No entanto, diversos governos mantêm laços econômicos, culturais e de cooperação com a ilha, como ocorre com os Estados Unidos, que também fornecem armamentos ao governo de Taipei.

Apenas 12 países reconhecem oficialmente Taiwan como um Estado soberano: Belize, Eswatini, Guatemala, Haiti, Ilhas Marshall, Nauru, Palau, Paraguai, São Cristóvão e Nevis, Santa Lúcia, São Vicente e Granadinas e Tuvalu. 

Os apoiadores de Taiwan têm diminuído nos últimos anos, à medida que diversas nações optaram por reconhecer a China continental, como Honduras, Panamá, El Salvador, República Dominicana e Nicarágua.

Como Taiwan se define

Taiwan, oficialmente denominada República da China (ROC), tem governo próprio, constituição, moeda (novo dólar taiwanês), forças armadas e eleições regulares. O Partido Progressista Democrático (DPP, da sigla em inglês), atualmente no poder, defende a manutenção da autonomia da ilha dentro da política de "status quo", sem declarar independência formal.

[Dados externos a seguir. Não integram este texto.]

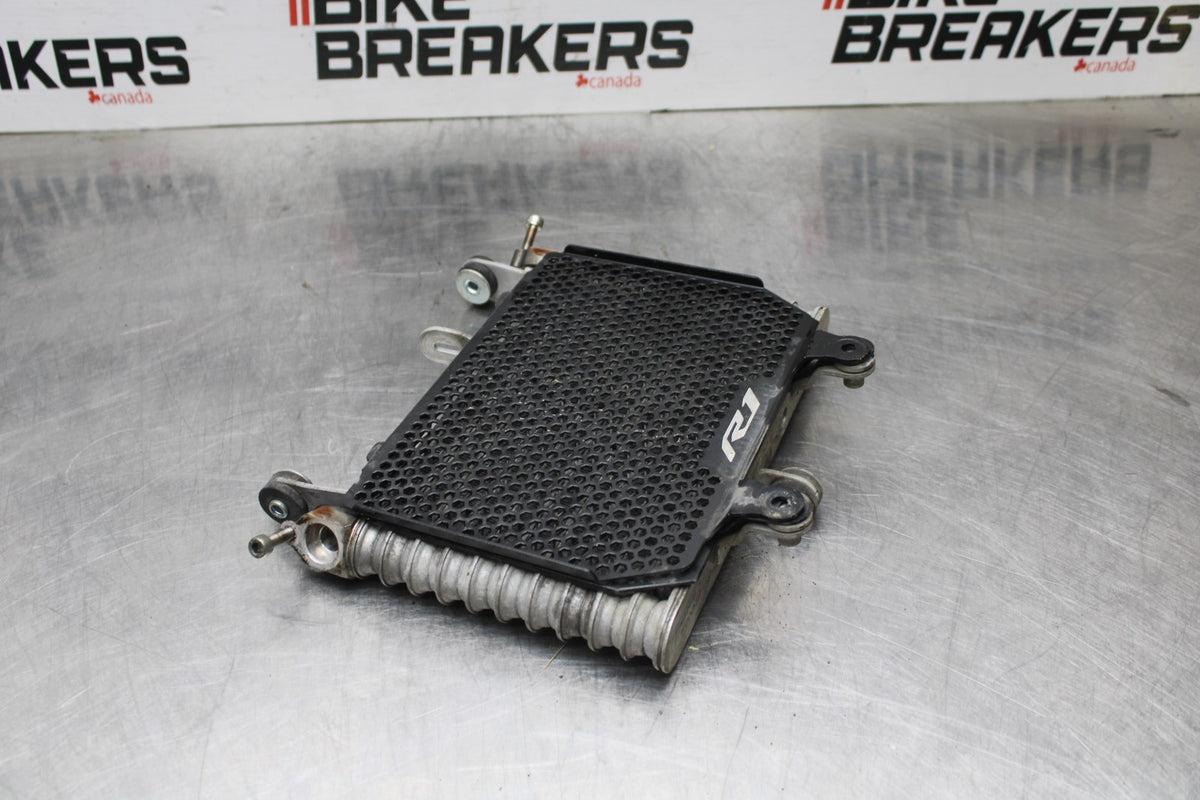18 YAMAHA YZF R1  ENGINE MOTOR OIL COOLER  BB838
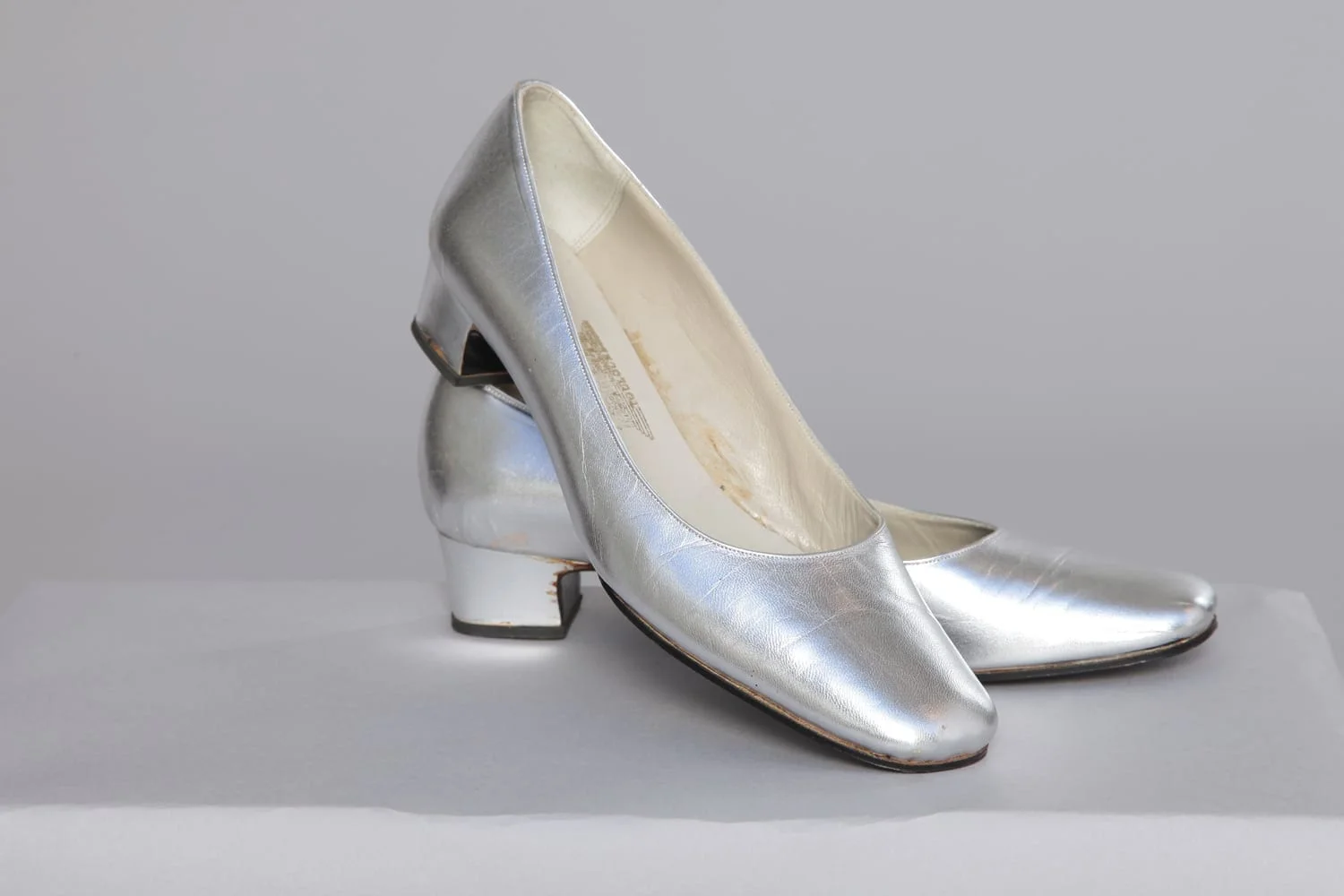 Paire de chaussures 1970 en cuir argenté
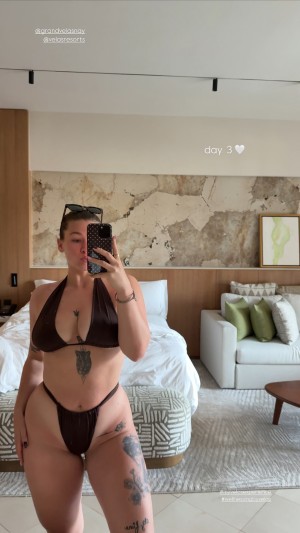 Esther Burden Photo #3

Na prática, Taiwan funciona com autonomia administrativa e política. No entanto, sua situação jurídica no cenário internacional permanece indefinida, o que a torna um dos pontos mais sensíveis da geopolítica contemporânea, especialmente nas relações entre China e Estados Unidos.

O papel dos EUA

Taiwan também ocupa posição central na chamada “guerra dos chips”, devido à TSMC, maior fabricante mundial de semicondutores, responsável por cerca de 50% da produção global. Esses componentes são fundamentais para a indústria de alta tecnologia, incluindo smartphones, carros elétricos e equipamentos militares. A rivalidade tecnológica entre Estados Unidos e China tem levado Washington a reforçar sua cooperação com Taiwan nesse setor estratégico.

Além disso, a localização geográfica da ilha a torna uma peça-chave no comércio marítimo global. O Estreito de Taiwan é uma das rotas comerciais mais movimentadas do mundo. Tensões na região, como exercícios militares e disputas diplomáticas, geram preocupação internacional quanto à estabilidade das cadeias de suprimentos.

A política dos Estados Unidos em relação a Taiwan é definida pela "ambiguidade estratégica". Embora reconheçam oficialmente a política de "Uma Só China", os EUA mantêm uma relação sólida com Taiwan por meio do Taiwan Relations Act, aprovado em 1979. Essa lei garante o fornecimento de meios defensivos à ilha e estabelece que qualquer tentativa de alteração do status de Taiwan por meios não pacíficos será considerada uma ameaça à paz regional.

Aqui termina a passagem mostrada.